A celebration is in order for Crucial Blast Records with this album from Vancouver-based act Funerary Call, this being the label’s 100th release. Suitably the figure on the cover of this 6th album for the black ambient act is celebrating a well-earned rest, about to drink heartily of his mead; Cernunnos is the horned one’s name and it’s appropriate that he appear on this album as he was one ancient pre-Christian influence (he was originally a nature god of Celts living in western Europe) on the concept of the Devil in early Christian mythology. While Cernunnos relaxes, Funerary Call man Harlow Macfarlane conjures up a world of mediaeval hellfire from the manipulated sounds of guitar, violin and other instruments, electronics and field recordings. The music rumbles and stutters close to hysteria and insanity, and the atmosphere is cold and often dark.

There are just three tracks totalling 39 minutes and they probably describe a ritual of some sort. “Libations” and “Fragments” both feature deranged violin virtuoso performances from Lashen Orendorff while other musicians defer to his screechy delivery and provide consistent support for his maddened mewlings. The ambience on “Libations” is cold and alienating while Orendorff scrabbles furiously on his instrument; if it could speak, it would probably turn out traumatised from the abused strings.

The middle track “Fragments” is the core around which everything pivots. Macfarlane gets busy laying out electronics effects to create a mystery space void in which dark invisible entities float and lob about, rumbling deeply, groaning and farting, just so you know they’re not to be trifled with. In comes Orendorff’s violin bravely, questing in this indifferent space, appealing for answers to its questions of existence, sometimes being rebuffed, other times finding answers that yield yet more questions and conundrums. The track and its predecessor acquire their distinctive characters from the interplay between solo violin and its accompaniment. We follow Orendorff’s violin-playing respectfully and with some fear: the terrain to be traversed is uninviting and sometimes downright hostile, and we can never afford to relax in case unseen forces come and steal our souls forever. Even the violin acquires a dark and sinister edge as though the longer one spends in this subterranean hell, the more corrupted one’s soul becomes. As the track progresses, guitar echo effects start to take over in the background as the violin merges with other acoustic instruments.

Final piece “Transference from the Void” includes some very sonorous throat-singing from Ross Birdwise whose very name suggests someone who communes with nature and the spirit world as readily as the rest of us tweet or hit Facebook or Skype. Spirit beings squeal or moan in the background.
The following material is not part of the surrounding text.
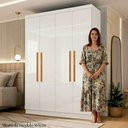 Ver imagem 4 de Guarda-roupa Paris 4 Portas 2 Gavetas 100 Mdf Maxel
This is a much more vocal piece than the previous two but strangely less creepy: the voices sound off against one another but it seems nothing of great consequence is happening here.

At times this is a suspenseful album of delicacy and beauty with a lot of thought put into the construction and delivery of sound fragments and snippets around the violin melodies and guitar effects. The tracks have a definite mood of cold rarefied black ambience. Even so, by the time we reach the end of the album, I feel we have travelled a lot in circles and covered the same parts over and over. The album is chiefly memorable for Orendorff’s violin soloing and the guitar bits which can be quite affecting.